= TASK TO CARRY OUT =
Beneath this instruction is a listing. Transcribe from it only the stretch from the line with "日系可爱萌物毛绒兔子尾巴斜挎包" through the line with "Leather Patch Baseball", both end lines included, exactly as written.
[Start of Attachment]
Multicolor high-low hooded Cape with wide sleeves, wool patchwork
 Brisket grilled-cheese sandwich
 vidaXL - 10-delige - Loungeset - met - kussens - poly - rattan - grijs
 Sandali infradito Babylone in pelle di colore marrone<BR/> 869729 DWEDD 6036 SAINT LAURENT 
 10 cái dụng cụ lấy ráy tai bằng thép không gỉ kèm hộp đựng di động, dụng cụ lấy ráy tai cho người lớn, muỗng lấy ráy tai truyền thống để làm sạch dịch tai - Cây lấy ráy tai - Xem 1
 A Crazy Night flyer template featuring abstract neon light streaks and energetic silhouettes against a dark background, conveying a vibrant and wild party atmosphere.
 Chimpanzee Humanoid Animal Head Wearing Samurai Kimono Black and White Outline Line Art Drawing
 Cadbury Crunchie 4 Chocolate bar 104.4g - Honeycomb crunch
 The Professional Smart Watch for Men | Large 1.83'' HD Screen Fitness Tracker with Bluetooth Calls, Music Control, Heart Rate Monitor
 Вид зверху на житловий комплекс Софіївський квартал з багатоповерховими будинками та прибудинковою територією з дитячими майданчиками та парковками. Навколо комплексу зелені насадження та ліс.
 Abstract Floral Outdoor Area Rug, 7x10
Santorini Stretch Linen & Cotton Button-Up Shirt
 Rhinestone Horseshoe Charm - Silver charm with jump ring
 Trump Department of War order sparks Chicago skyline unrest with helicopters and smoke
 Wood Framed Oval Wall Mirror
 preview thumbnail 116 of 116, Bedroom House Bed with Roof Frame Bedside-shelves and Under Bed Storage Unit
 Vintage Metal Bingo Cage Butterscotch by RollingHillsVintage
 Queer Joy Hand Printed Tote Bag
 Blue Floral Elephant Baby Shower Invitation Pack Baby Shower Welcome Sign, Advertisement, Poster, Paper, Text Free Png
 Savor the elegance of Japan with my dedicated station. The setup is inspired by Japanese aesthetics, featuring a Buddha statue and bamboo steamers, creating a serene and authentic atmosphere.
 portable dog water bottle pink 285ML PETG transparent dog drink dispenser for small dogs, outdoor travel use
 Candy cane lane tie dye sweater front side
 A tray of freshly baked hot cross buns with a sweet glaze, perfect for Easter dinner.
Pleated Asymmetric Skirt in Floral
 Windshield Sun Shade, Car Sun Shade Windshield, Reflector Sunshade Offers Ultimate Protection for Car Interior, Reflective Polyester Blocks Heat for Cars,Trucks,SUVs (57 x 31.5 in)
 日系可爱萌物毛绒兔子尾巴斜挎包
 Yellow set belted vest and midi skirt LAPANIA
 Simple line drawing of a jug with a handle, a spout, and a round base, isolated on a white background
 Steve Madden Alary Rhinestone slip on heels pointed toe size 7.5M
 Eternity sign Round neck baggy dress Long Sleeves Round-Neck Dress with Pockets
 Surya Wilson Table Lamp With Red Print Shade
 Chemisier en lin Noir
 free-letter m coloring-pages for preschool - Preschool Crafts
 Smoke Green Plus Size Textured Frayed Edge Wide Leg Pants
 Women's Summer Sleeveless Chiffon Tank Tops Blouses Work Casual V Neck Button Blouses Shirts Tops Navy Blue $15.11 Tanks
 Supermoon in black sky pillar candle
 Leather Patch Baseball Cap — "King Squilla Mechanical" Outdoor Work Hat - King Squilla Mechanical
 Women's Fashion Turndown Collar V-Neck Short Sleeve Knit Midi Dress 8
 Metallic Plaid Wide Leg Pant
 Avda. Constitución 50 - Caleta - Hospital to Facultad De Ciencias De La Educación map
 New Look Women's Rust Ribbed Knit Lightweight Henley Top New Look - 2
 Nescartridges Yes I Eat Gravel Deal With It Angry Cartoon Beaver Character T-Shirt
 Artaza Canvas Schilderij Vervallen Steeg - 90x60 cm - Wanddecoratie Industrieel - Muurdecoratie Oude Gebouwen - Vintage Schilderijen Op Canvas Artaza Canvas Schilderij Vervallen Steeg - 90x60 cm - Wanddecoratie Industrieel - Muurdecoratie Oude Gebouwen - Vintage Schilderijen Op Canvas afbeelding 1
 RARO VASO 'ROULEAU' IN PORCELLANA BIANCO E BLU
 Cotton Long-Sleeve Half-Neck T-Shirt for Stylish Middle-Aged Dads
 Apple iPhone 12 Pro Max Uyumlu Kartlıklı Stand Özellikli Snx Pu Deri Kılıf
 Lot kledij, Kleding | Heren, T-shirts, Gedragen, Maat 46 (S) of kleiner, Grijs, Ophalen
[End of Attachment]
= RESULT FOR THIS TASK =
 日系可爱萌物毛绒兔子尾巴斜挎包
 Yellow set belted vest and midi skirt LAPANIA
 Simple line drawing of a jug with a handle, a spout, and a round base, isolated on a white background
 Steve Madden Alary Rhinestone slip on heels pointed toe size 7.5M
 Eternity sign Round neck baggy dress Long Sleeves Round-Neck Dress with Pockets
 Surya Wilson Table Lamp With Red Print Shade
 Chemisier en lin Noir
 free-letter m coloring-pages for preschool - Preschool Crafts
 Smoke Green Plus Size Textured Frayed Edge Wide Leg Pants
 Women's Summer Sleeveless Chiffon Tank Tops Blouses Work Casual V Neck Button Blouses Shirts Tops Navy Blue $15.11 Tanks
 Supermoon in black sky pillar candle
 Leather Patch Baseball Cap — "King Squilla Mechanical" Outdoor Work Hat - King Squilla Mechanical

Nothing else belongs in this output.